Oh I have one of those also but it does not compare to the macros. It is 4th on the list. paid over 1500.00 for it. Have another that I removed from my computer because it was faulty in my estimation and it was over 1200.00


----------



## hi-nrg-joe (Jul 19, 2008)

sttbtch said:


> ...it does not compare to the macros. It is 4th on the list.


Which one? Maybe it's not the right one for the job  I can only think of one over $1000 and that's from DAS. StoneStencil something...They have one that's a macro and another full blown app.

I'll choose OOBling over any macro. Macro's are cool, but they are simply an automation tool. Meaning that if you already have Corel, you can do everything they are doing already for free. I've written a macro before and use them as well. I'll never spend more that $50 on one. I like the cheap simple ones that can do an quick task for me.


----------



## rjdavis61 (Aug 4, 2009)

Thanks for the feedback. I have a laser and can cut my own templates and am somewhat well versed in corel.
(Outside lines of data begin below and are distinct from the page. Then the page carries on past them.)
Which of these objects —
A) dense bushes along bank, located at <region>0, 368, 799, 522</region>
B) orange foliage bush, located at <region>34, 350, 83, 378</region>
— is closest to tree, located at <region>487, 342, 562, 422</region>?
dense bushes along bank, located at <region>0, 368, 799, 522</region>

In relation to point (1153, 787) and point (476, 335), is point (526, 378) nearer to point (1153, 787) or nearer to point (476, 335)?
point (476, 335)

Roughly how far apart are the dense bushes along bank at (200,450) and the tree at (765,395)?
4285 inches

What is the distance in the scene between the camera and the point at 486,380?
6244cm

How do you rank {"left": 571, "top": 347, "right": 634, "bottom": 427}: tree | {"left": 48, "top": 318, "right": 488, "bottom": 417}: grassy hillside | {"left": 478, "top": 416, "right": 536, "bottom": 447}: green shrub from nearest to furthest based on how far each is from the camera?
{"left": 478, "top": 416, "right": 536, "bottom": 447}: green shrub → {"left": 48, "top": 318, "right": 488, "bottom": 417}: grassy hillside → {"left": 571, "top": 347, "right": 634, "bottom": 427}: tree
I was just having trouble with complex fills looking unscattered. I will try r stone. I have the trial version but you are right in it is not so easy to learn. Thanks again all.


----------



## Dragon Slayer (Aug 19, 2013)

I use the easy stone macro. Kevin has a ton of vids and explains all the functions fairly thoroughly. It is a pricey macro, but I find it a lot easier than making Corel do all the things the macro does.


----------



## sben763 (May 17, 2009)

Except Kevin from easy stone is a crook. Sold me a pirated copy of Corel Draw X6 and refused to refund me my money. I finally gave up and just bought a copy from Ryonet last week. 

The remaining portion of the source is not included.